Walter Littlemoon speaks to students in the film The Thick, Dark Fog.
The Reel Civil Rights Film Fest begins today in Little Rock. Operating in connection with the Little Rock Film Festival, the event is also affiliated with the Little Rock Central High School National Historic Site.
The festival will take through September 25th, leading up to the 55th anniversary of the desegregation crisis at Little Rock Central High School.
All screenings and events are FREE and open to the public, but tickets are required. For tickets:http://lrff.eventbrite.com/. Tickets are still available for many of the films.
Here are a few previews from four of the films that will be showing this weekend, all of which explore the possibility of storytelling, folklife, and community action to bring about positive change.
Will you be attending the festival? Which films will you be seeing? We’d love to hear about it!

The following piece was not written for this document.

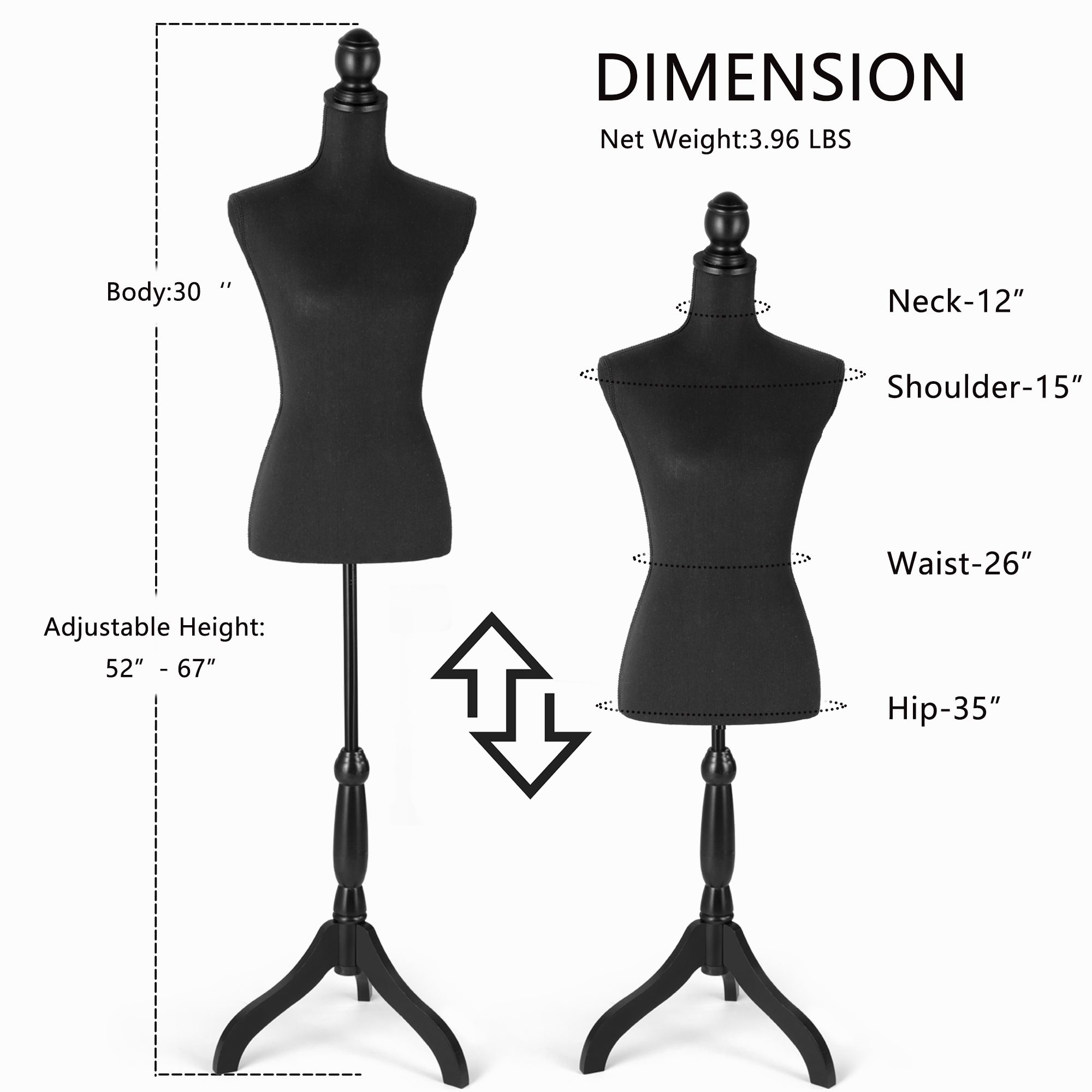 Female Dress Form Mannequin Torso Adjustable Height Mannequin Body with Tripod Stand for Clothing Dress Jewelry Display, Black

Thick, Dark Fog a documentary by Randy Vasquez explores the long term effects of Indian Boarding Schools and one man’s quest to overcome these struggles and abuse. Featuring the story of Walter Littlemoon, a member of the Lakota tribe living near Wounded Knee, this film explores the power of storytelling to change individuals and communities. Visit the film’s webpage here for more information. This film will be showing Sunday at 5:00.
The Memphis Thirteen tells the story of the 13 first graders who desegregated the Memphis City Schools in 1961. This film will be showing Sunday at 3:00P.M
Soul Food Nation explores the past and future of soul food and the socioeconomics of the modern American diet and is layered with historical information, foodways studies, and commentary on the industrialized food system. More information here. Showing Saturday at 9:00 P.M.
A Class Apart tells the story of Hernandez V. Texas and the Mexican lawyers who turned a small-twin Texas murder case into a landmark civil rights case. More information here. This film will be showing Saturday at 3:00.